Aquela sexta-feira, 11 de setembro, amanhecera cinzenta e melancólica em Nova York. Eu, porém, estava incrivelmente feliz – e se Nova York é mais um estado de espírito do que uma cidade, o dia me parecia ensolarado. Na terra das oportunidades, logo descobri que a chuva – alvo de pensamentos maledicentes dos turistas – motiva o empreendedorismo daqueles que sonham “fazer a América”. Bastaram alguns passos pela calçada e na esquina já me esperava um vendedor de guarda-chuva. “Putz...”, pensei, amolação logo cedo. “Putz!”, exclamei, um vendedor providencial.
Nova York é assim, muda ao sabor do vento. E o vento que se apresentava naquela manhã anunciava chuva. Não hesitei em deixar cinco dólares com o vendedor. Escolhi o modelo mais barato, talvez nem usasse aquele objeto. Usei-o mais rapidamente do que esperava. Os chuviscos começaram e eu simplesmente agradeci por ter encontrado aquele vendedor naquela manhã naquela esquina da 6ª Avenida com a Rua 34.
Era uma chuva fina e fria. Peguei o metrô rumo ao norte, perto do Harlem. Desci na Broadway-Universidade de Columbia. Dei de cara com o Departamento de Jornalismo (seria algum sinal do destino?). Caminhei pela região em busca de duas igrejas, a Riverside e a Catedral de São João, o Divino. Riverside é, aliás, o nome do parque que margeia o Rio Hudson. Busquei abrigo em Deus. Naquele momento, abrigo da chuva. Entrei nas igrejas. O mesmo chuvisco que me levou até Deus me afastou do Riverside Park. Segui caminhando. A chuva alternava momentos de trégua com demonstrações de força – para os quais, confesso, não me preparei adequadamente.

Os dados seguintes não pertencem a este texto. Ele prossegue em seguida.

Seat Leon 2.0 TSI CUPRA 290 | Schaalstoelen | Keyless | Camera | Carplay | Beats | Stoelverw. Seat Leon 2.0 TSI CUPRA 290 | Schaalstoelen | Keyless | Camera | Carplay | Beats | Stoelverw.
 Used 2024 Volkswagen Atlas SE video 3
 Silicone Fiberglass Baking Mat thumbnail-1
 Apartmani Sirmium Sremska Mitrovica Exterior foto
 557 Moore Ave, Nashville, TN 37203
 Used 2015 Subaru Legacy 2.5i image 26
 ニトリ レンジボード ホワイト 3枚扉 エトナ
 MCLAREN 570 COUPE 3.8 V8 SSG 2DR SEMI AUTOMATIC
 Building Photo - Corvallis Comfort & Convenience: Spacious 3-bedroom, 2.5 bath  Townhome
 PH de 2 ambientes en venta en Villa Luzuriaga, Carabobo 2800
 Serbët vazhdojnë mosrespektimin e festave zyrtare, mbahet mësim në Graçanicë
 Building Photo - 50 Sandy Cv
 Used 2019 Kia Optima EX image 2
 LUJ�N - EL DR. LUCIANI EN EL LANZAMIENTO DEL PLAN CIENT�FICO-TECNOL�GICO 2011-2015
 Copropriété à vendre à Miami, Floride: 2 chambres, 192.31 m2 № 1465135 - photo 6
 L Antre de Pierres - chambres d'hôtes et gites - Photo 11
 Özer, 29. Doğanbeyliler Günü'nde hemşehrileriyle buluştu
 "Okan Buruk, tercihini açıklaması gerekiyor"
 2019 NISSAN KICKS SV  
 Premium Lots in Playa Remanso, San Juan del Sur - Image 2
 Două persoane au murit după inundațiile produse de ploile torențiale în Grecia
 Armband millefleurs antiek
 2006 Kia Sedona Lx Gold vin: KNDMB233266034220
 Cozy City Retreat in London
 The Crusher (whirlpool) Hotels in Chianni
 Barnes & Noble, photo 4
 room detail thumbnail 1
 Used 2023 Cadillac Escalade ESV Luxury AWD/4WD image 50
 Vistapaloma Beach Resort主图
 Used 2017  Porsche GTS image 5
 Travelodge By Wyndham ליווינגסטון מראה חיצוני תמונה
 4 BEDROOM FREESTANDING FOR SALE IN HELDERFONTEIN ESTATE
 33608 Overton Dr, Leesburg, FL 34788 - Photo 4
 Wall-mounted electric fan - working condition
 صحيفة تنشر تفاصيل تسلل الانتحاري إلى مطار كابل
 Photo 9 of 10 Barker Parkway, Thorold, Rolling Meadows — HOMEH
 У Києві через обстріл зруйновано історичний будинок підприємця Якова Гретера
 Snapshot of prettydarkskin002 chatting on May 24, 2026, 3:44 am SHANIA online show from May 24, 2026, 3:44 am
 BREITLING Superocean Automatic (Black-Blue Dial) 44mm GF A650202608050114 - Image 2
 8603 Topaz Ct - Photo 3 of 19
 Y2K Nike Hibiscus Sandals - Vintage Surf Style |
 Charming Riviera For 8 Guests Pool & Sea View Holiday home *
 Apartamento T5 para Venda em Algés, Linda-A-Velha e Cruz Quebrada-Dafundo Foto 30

Passei pelo Morningside e cheguei ao Central, ambos “parks”, mas só um famoso. Era a entrada oeste, pouco usual para os turistas, no lado oposto à região da Times Square. No começo foi uma caminhada agradável. Manhã nublada, parque vazio, algumas árvores caídas, áreas em recuperação após um temporal que causou danos, segundo informava uma placa. Vez ou outra surgia um corredor matinal. Corpos atléticos, desafiavam a chuva e o frio em seus moletons e camisetas, todos inusitadamente satisfeitos. Eram os únicos sinais de vida humana por ali. De vez em quando passava um carro, da segurança ou da equipe de manutenção do parque. Ah, também passavam os esquilos – ah, os esquilos, estes bichinhos espalhados por todo o país, os verdadeiros “yankees”.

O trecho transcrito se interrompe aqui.